**Dataset content:**
- Opening Delimiter -

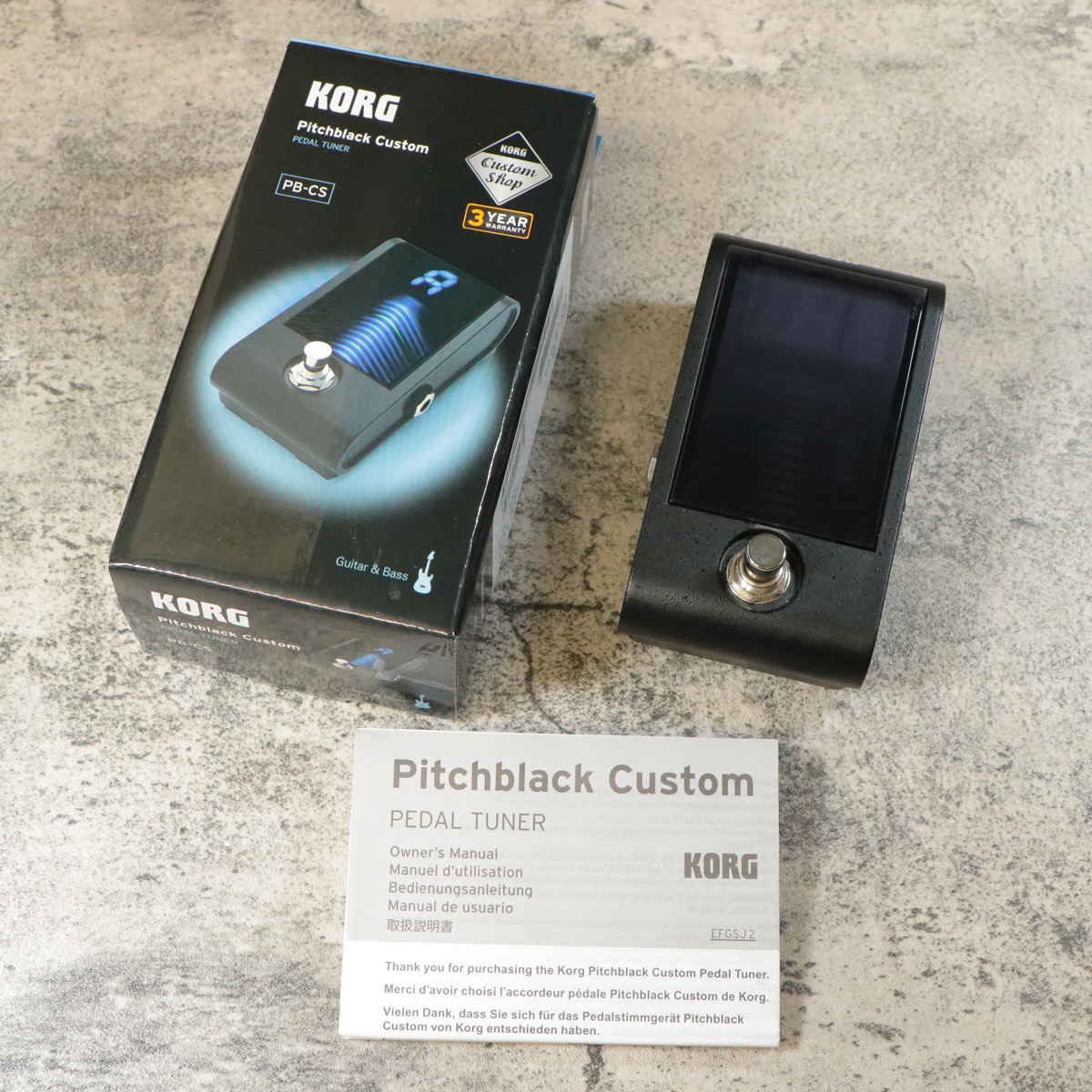 中古】KORG / PB-CS Pitchblack Custom チューナー【名古屋栄店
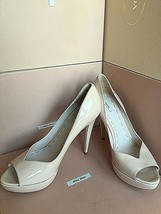 New PRADA Miu Miu Creamy Platform High Heels Size 40.5 Women&#39;s Shoes - £238.86 GBP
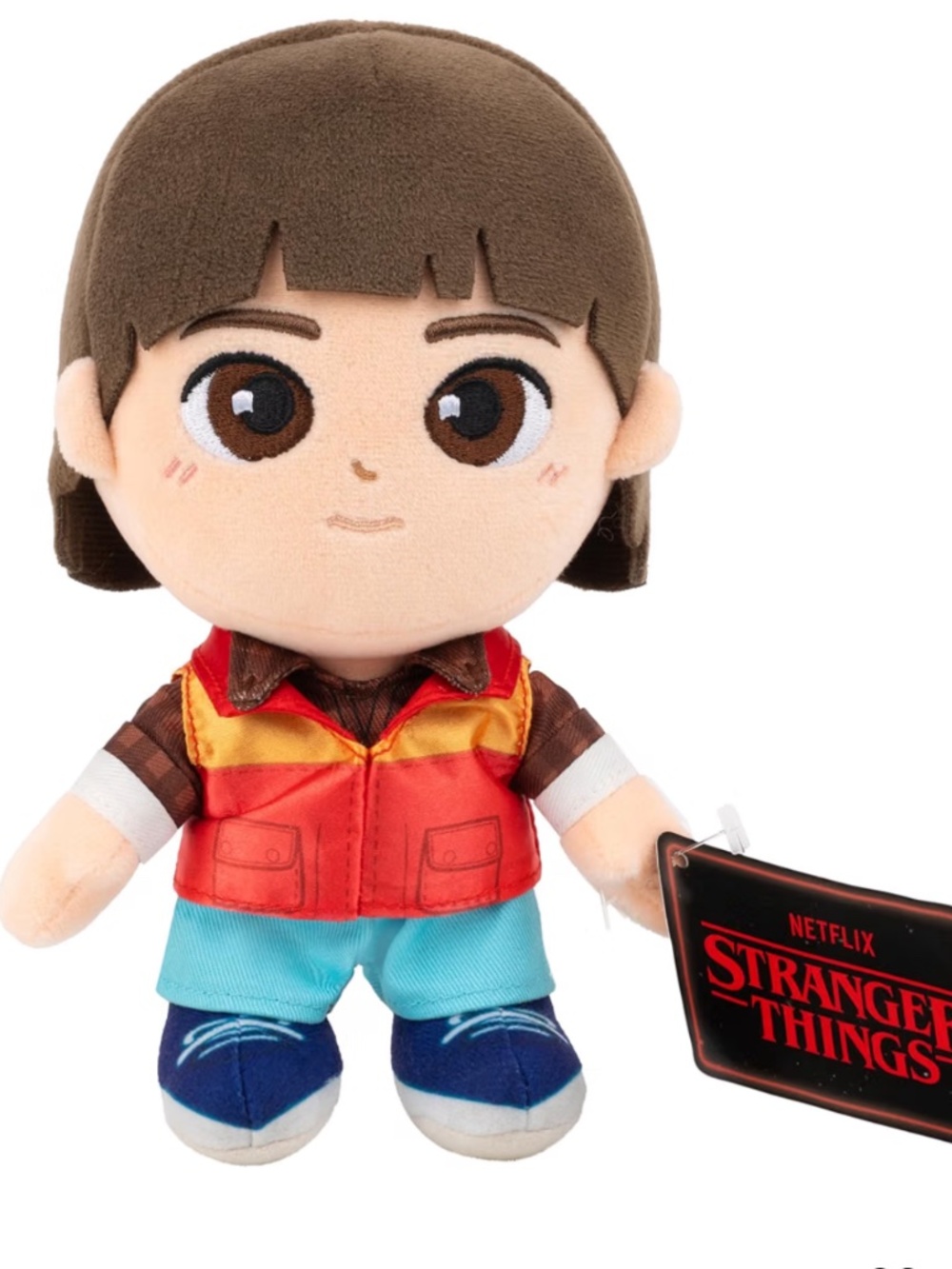Stranger Things Will Plush - 8-Inch Soft Plush with Special Embroidery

- Closing Delimiter -

**Description of the task:**
The full listing, reproduced exactly and without pictures, is the expected output.

**Finished exercise:**
 中古】KORG / PB-CS Pitchblack Custom チューナー【名古屋栄店
 New PRADA Miu Miu Creamy Platform High Heels Size 40.5 Women&#39;s Shoes - £238.86 GBP
Stranger Things Will Plush - 8-Inch Soft Plush with Special Embroidery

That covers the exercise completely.